If you didn’t see that report or need a refresher, you can see it here: https://c-suiteanalytics.com/engagement-plunged-in-one-month/
I said then I would next tell you how to improve employee engagement, despite Gallup’s ongoing reporting that engagement prior to 2020 has stayed essentially the same, that just about one-third of our U.S. employees are engaged. Let’s start with why most engagement strategies fail:
- Surveys provide data but not solutions, and few organizations get the solutions right.
- By way of their required anonymity, surveys give broad trends vs individual employee responses meaning the inputs of your best performers and those you will terminate tomorrow gain equal weight.
- Most surveys provide external benchmarks which are momentum killers because most organizations are happy to be in the middle of the pack.
To be clear, these three reasons happen in all corners of our globe. We have worked in China, Thailand, Malaysia, Africa, Europe, and South America….plus of course in the U.S. and Canada. Everywhere we go, these three circumstances are live in local organizations.
As you consider the three points above, consider also that top-performers generate as much productivity as four workers which we’ve proven here before, so it is essential that you know what each of them thinks about their work circumstance, individually. That previous report is here: https://c-suiteanalytics.com/how-to-keep-top-performers-from-quitting/
And benchmarks which are so valuable in other areas of organizations are downers here because the easy cop-out is to say if other companies can’t fix this, we can’t fix it either. For most executives and many HR professionals, their reaction to their “average” engagement score compared to benchmarks is the same as their reaction to rush-hour traffic, something we cannot change and therefore we must work around. “The benchmark proves we can’t do better.”
Let’s pause here for a moment. Can you imagine your CEO thinking it is OK to be average in sales or service? Thinking that if competitors can’t do these things better then we can’t do them better either? This tells you the true state of engagement today, and why it hasn’t changed in twenty years.
How, then, should you actually raise your engagement scores?
First, educate your top team that engagement is more than a score. Six years ago, I published a paper on employee engagement’s correlations to productivity and profitability and you can see that paper here: https://c-suiteanalytics.com/wp-content/uploads/2015/12/C-Suite-Analytics-White-Paper-Employee-Engagement-Correlates-with-Profitability-SHRM-2014.pdf
As just one tease, Northwestern University professors found that salespeople who gave just 10% more effort increased their sales by nearly 23%. Wouldn’t that make your sales department’s engagement score more important?

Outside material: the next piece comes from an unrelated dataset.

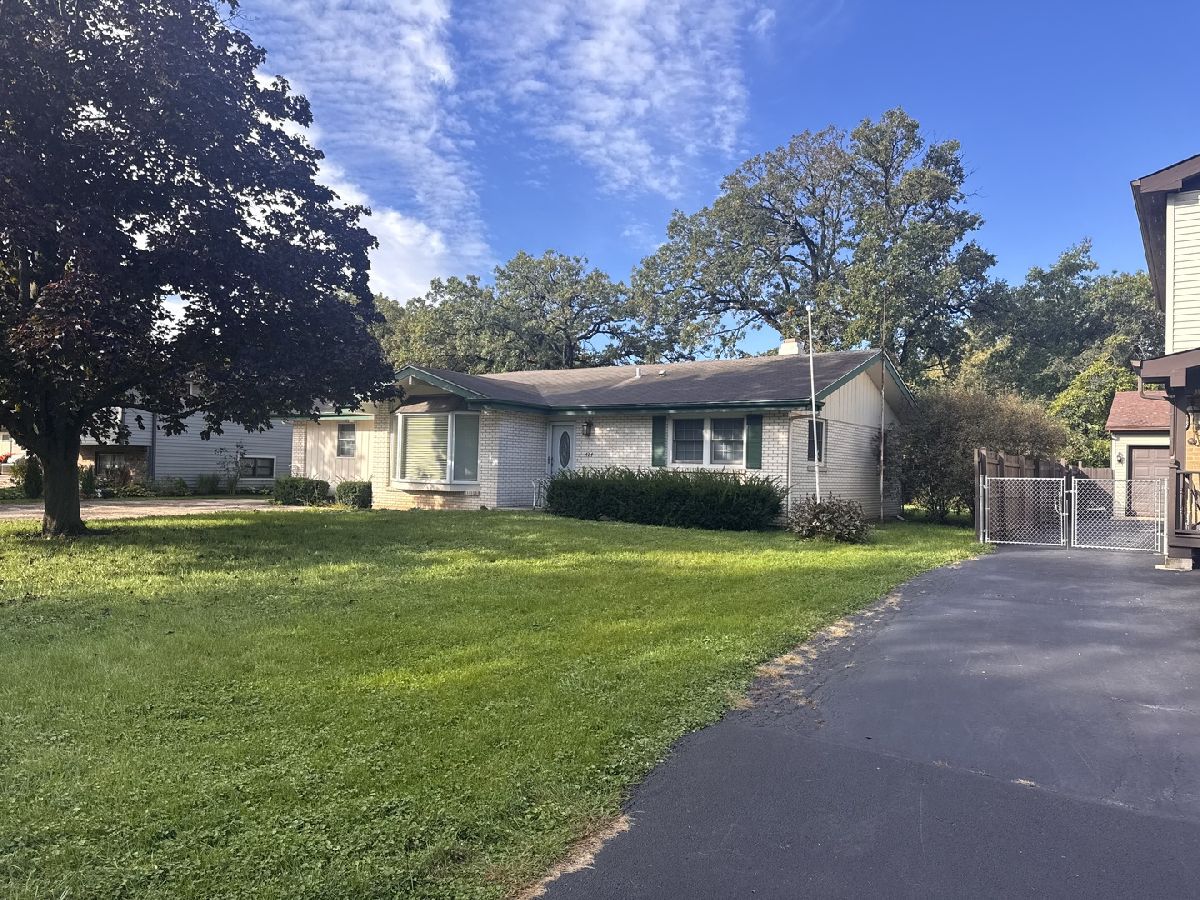 For Sale Lindenhurst Illinois, 424 Northgate Road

Data like this makes chief financial officers drool…well, sort of…and the time has come for CFOs to see employee retention and engagement as areas of both high cost and high opportunity for increased revenue. If your management meetings include CFOs reporting on essential operations performance against metrics while HR reports on engagement and retention, ask your CFO to report all of the data including for engagement and retention. Otherwise engagement and retention are seen as second-class metrics, less important than the operations metrics for which they might have the greatest influence. What influences operations performance more than the people who do the jobs there?
Second, share this Gallup study with your executive team regarding how much each individual leader impacts her team’s engagement.
Start by telling them the statement at the top is extreme, that Gallup researchers likely debated about whether to ask a question that included terms like “strongest personal relationships” when discussing employees’ bosses. But they did. And the outcome on a scale of 1 to 5 with 5 being high is 65% of the engaged employees…the ones we most need to keep…scored their manager relationships a 3 or above. And for the employees who are actively disengaged…the sabotagers…a full 92% scored their manager relationships a 1 or a 2.
The you-can’t-miss-it conclusion is clear. Solving employee engagement must be done on a boss-employee level, one-on-one, and not with one-size-fits-all programs. The joke line here is no one stays longer or works harder for pet insurance.
One easy way to think about improving employee engagement…and for sure employee retention…is to ask what do your employees talk about over dinner. When someone asks, “How was your day, dear?”, employees focus on three topics…bosses, colleagues, and duties. There are zero one-size-fits-all programs that address these subjects because each person’s circumstances are unique.
In my book titled HR’s Greatest Challenge, I presented 25 studies proving the #1 reason employees stay/leave or engage/disengage is how much they trust their boss. This means every post-survey “solution” you implement matters less than bosses building trust. So yoga classes, company clocks, events with food…put your own list here…all matter not just less but far less than employees trusting their bosses.
Now it is easy to see why the U.S. spends $1.53 billion each year to improve engagement but engagement has not improved, right?
This is why we invented Finnegan’s Arrow®:
Think of Finnegan’s Arrow® as a solution for employee engagement and retention. I say this because until now we haven’t had a science-based invention that consistently improves engagement and retention. Instead, companies and their HR pros have been grabbing their own ideas off of the HR shelf based on their own instincts or on survey results. Think improving onboarding, building career ladders, supervisory training.
Let’s have one more pause moment here. Does any metric across your entire company matter more than employee engagement? Or employee retention? Unless you are creating revenue entirely with robots, the answer is no.